__Problem statement__:
Once the line with "this 1280×720 image." is found, write it out along with every line after it, exactly, up to the last line of the entries below. Exclude pictures.

====== Raw data ======

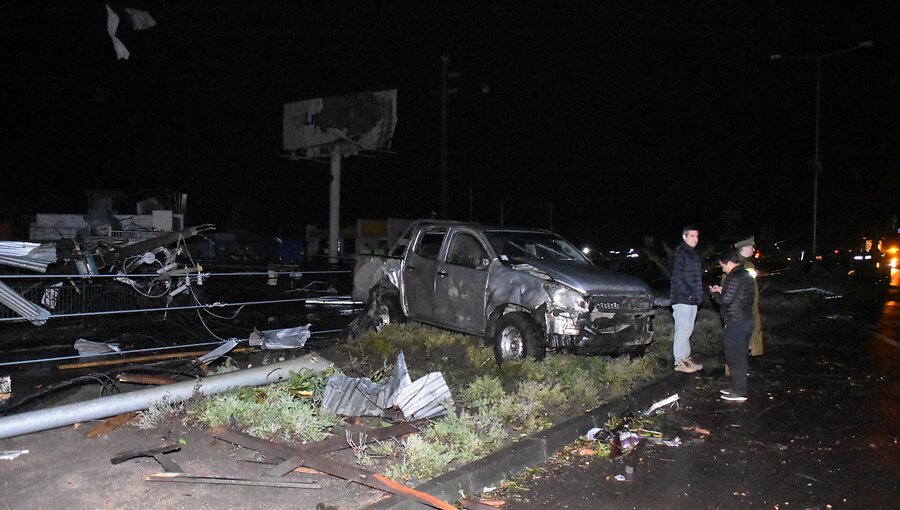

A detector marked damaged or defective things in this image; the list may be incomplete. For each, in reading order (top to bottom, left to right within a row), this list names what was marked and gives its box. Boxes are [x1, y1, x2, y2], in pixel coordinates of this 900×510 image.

torn billboard panel [282, 89, 394, 156]
bent light pole [768, 40, 872, 256]
damaged pickup truck [352, 221, 652, 364]
broken headlight [540, 280, 592, 312]
crumpled hood [516, 258, 652, 294]
broken plank [57, 346, 253, 370]
broken plank [85, 410, 138, 438]
broken plank [145, 470, 320, 490]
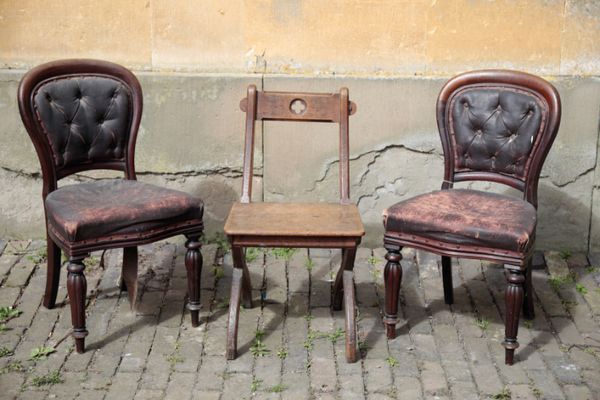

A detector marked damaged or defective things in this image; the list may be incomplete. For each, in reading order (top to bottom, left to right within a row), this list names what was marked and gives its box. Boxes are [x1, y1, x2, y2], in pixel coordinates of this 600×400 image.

cracked plaster wall [1, 71, 600, 253]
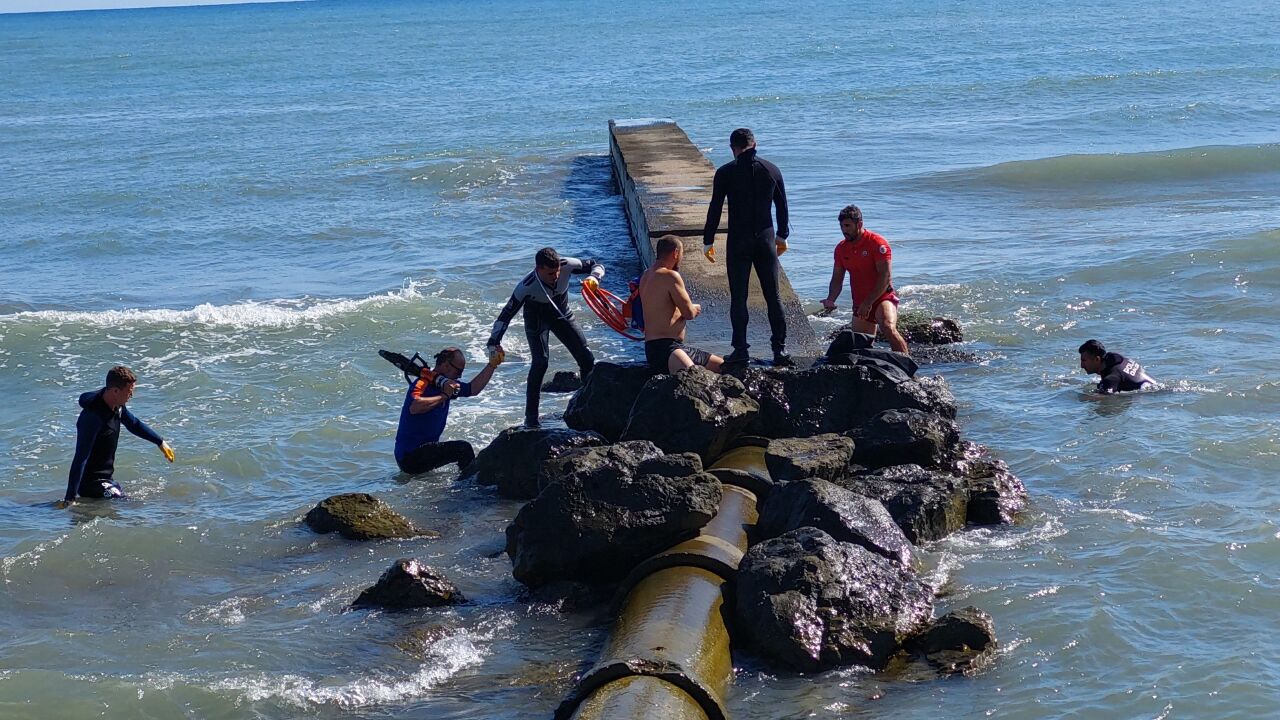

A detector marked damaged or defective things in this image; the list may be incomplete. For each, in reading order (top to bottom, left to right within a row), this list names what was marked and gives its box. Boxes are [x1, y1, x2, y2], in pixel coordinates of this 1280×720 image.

corroded metal pipe [556, 444, 764, 720]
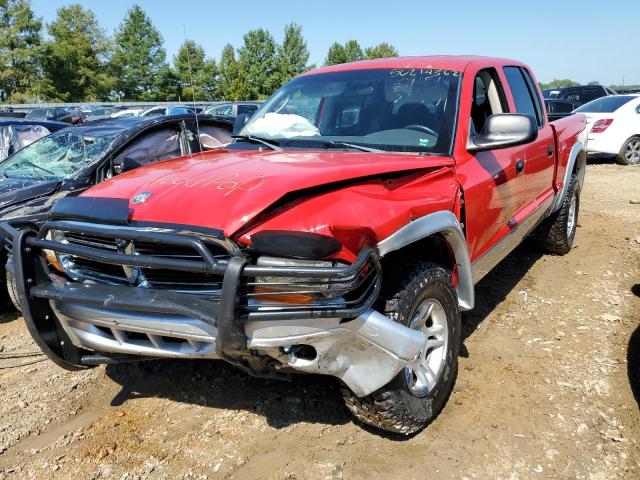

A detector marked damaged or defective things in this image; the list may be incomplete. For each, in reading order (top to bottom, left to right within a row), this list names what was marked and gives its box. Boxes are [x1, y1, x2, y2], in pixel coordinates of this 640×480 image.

crumpled hood [0, 177, 59, 211]
crumpled hood [85, 149, 452, 237]
damaged front end [3, 197, 430, 396]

======

__Result for this task__:
A detector marked damaged or defective things in this image; the list may be incomplete. For each, in reading order (top to bottom, left to right within a row), this list names what was marked and gives its box. Boxes are [x1, y1, x2, y2], in pixel coordinates of this 1280×720 image.

corroded metal pipe [556, 444, 764, 720]

A detector marked damaged or defective things in this image; the list may be incomplete. For each, in reading order (top to bottom, left to right within a row), this list names what was marked and gives its box. Boxes are [x1, y1, x2, y2], in pixel coordinates of this 640×480 image.

crumpled hood [0, 177, 59, 211]
crumpled hood [85, 149, 452, 237]
damaged front end [3, 197, 430, 396]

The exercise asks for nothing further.